Чего хочет Северная Корея от Южной Кореи?

Андрей Николаевич Ланьков Русранд Политика 110

С первых чисел июня на Корейском полуострове разворачивается очередной кризис, который пока не особо подхвачен мировыми СМИ. Всё началось 4 июня, когда с официальным заявлением в газете «Нодон синмун» выступила Ким Ё Чжон — младшая сестра Высшего Руководителя Ким Чен Ына, вторая по значению политическая фигура в стране. Ким Ё Чжон выразила крайнее возмущение действиями южнокорейских правоконсервативных организаций, которые с территории Южной Кореи запускают в сторону Северной Кореи аэростаты с листовками.

Она заявила, что действия этих групп поощряются южнокорейскими властями и этими действиями Сеул нарушает все те обязательства, которые он взял на себя в последние годы. Ким Ё Чжон также сказала, что подобные действия Сеула делают бессмысленными существующие соглашения, которые регулируют отношения между двумя корейскими государствами. И предупредила о тех мерах, на которые Северная Корея может пойти в том случае, если запуск аэростатов с листовками не будет немедленно пресечён.

Одна из этих угроз была выполнена 9 июня, когда северокорейская сторона отключила линию прямой правительственной связи Сеул — Пхеньян. Это отключение «горячей линии» почему-то привлекло внимание мировых СМИ, хотя, вообще говоря, оно уже давно стало чуть ли не установившимся ритуалом — линию прямой связи северокорейцы отключают каждый раз, когда у них появляется желание выразить недовольство теми или иными действиями Сеула или Вашингтона.

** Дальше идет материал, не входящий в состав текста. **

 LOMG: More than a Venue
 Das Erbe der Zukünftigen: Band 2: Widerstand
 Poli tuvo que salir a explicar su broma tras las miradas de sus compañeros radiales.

После заявления Ким Ё Чжон в Северной Корее начались массовые митинги, которые фактически стали первыми массовыми мероприятиями с момента объявления в стране противоэпидемического режима в начале февраля. Участники митингов выражали возмущение действиями южнокорейских правоконсервативных групп и связанных с ними мигрантов из Северной Кореи, которые в основном и занимаются листовками, а также скандировали: «Смерть эмигрантам — человеческому мусору!». Представители «общественности» (включая и ответственного за традиционную лапшу повара элитного ресторана) выразили в северокорейских СМИ свой гнев по поводу лицемерия южнокорейских властей и поклялись огнём выжечь очаг предательства.

Наконец, во время одного из своих редких появлений на публике сам Высший Руководитель Ким Чен Ын заявил, что действия руководства Южной Кореи не оставляют сомнения в том, что оно является «врагом» и что вести себя с ним надо соответственно.

Южная Корея, со своей стороны, отреагировала на происходящее с удивительной оперативностью. 4 июня, то есть в тот же самый день, когда Ким Ё Чжон выступила со своим воинственным заявлением, южнокорейское правительство заявило о том, что оно постарается пресечь деятельность групп, занимающихся запуском аэростатов. Задача эта, однако, является достаточно сложной. Эти группы тесно связаны с правоконсервативным лагерем, который сейчас находится в глухой оппозиции Мун Чжэ Ину, и контролировать их действия для нынешней сеульской власти непросто — тем более что действующего законодательства они не нарушают.

Сеул начал лихорадочно искать какие-то паллиативы. Некоторые из юридических открытий, сделанных сеульскими чиновниками, выглядят забавно. В частности, представитель Министерства объединения (то есть фактически Министерства по делам Севера) заявил о том, что запуск листовок наносит… вред окружающей среде. Ещё более комичным было заявление о том, что в нынешней ситуации такие действия могут способствовать распространению коронавируса. Власти приграничной провинции Кёнги не стали заниматься поиском предлогов, а попросту объявили «особыми районами» те зоны, из которых по метеорологическим условиям проще всего запускать аэростаты в сторону Севера. Теперь местной полиции приказано не допускать на территорию этих районов машины, которые используются активистами.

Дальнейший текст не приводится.